* [The data]:
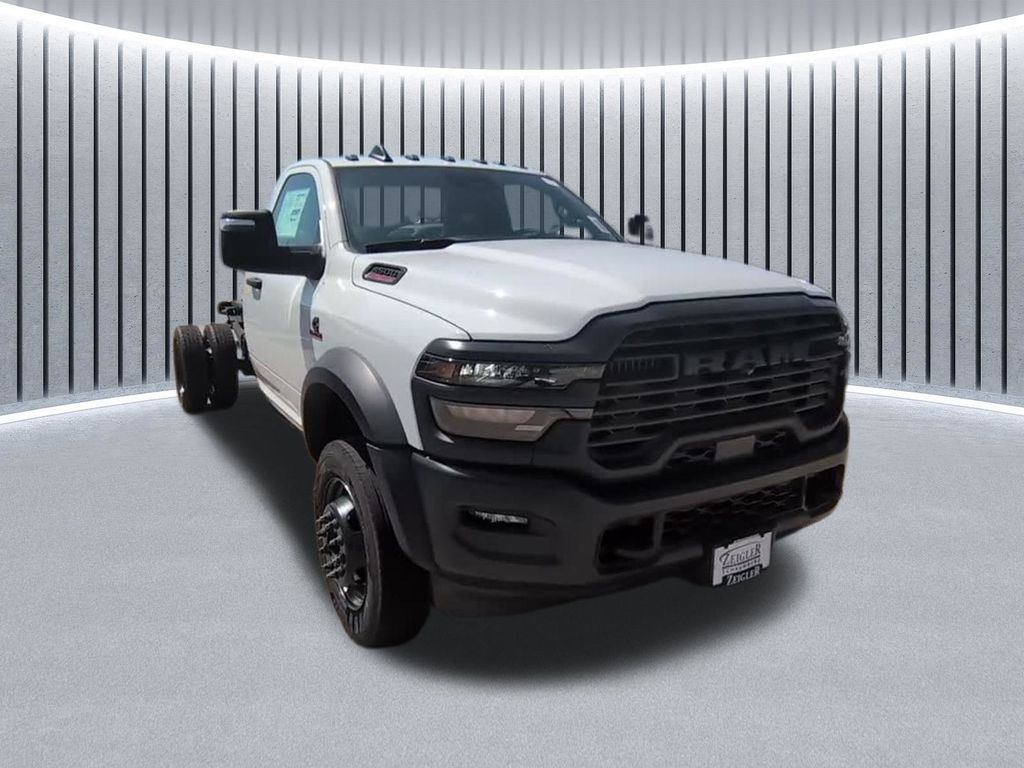 New 2026 Ram 4500HD Tradesman Truck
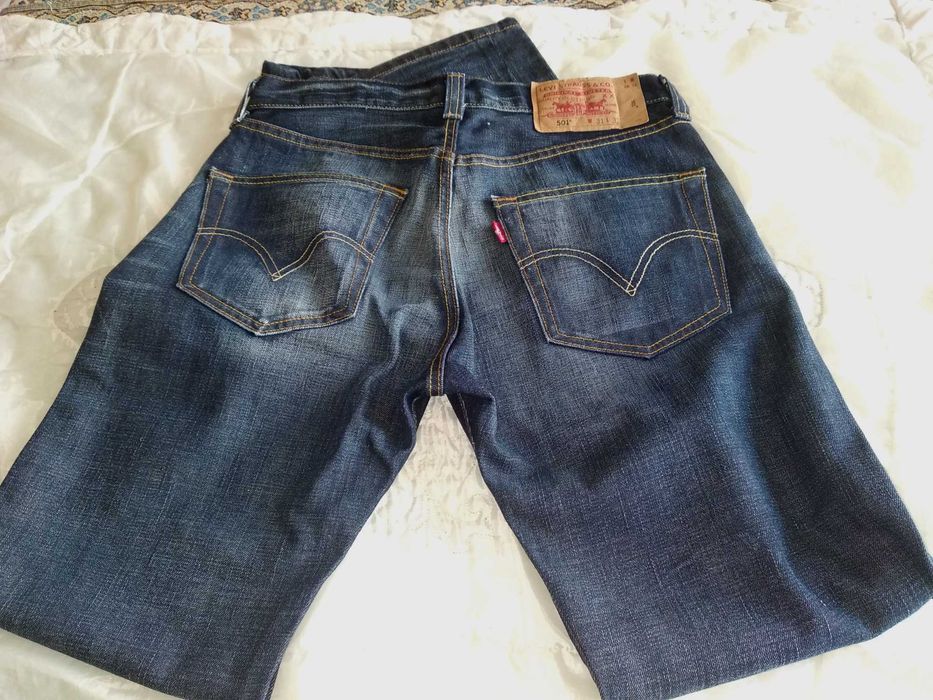 Джинси LEVIS 501 W31 L32 made in  Tyrkey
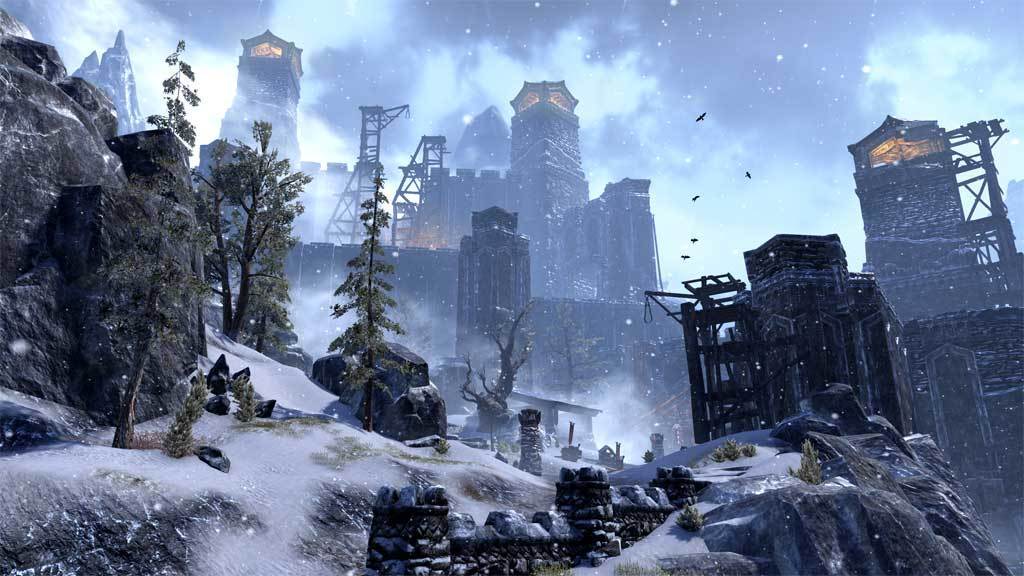 Скриншот из игры The Elder Scrolls Online: Morrowind - 33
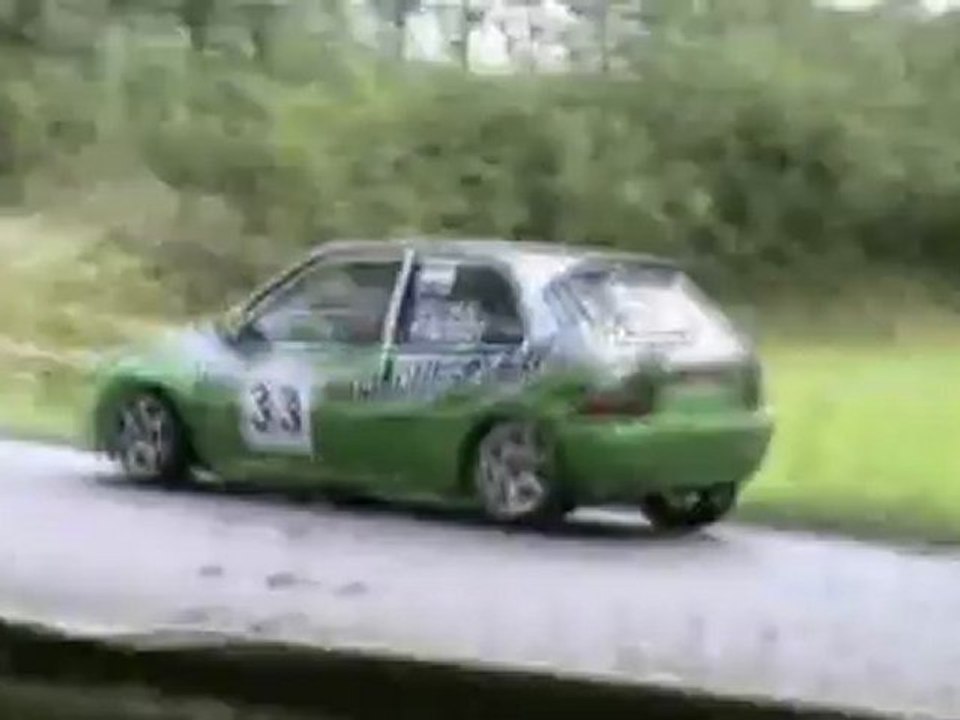 2 ier parties Rallye de la semois 2012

* [Task instructions]: Give the listing again exactly, but omit each image.

* [Solution]:
 New 2026 Ram 4500HD Tradesman Truck
 Джинси LEVIS 501 W31 L32 made in  Tyrkey
 Скриншот из игры The Elder Scrolls Online: Morrowind - 33
 2 ier parties Rallye de la semois 2012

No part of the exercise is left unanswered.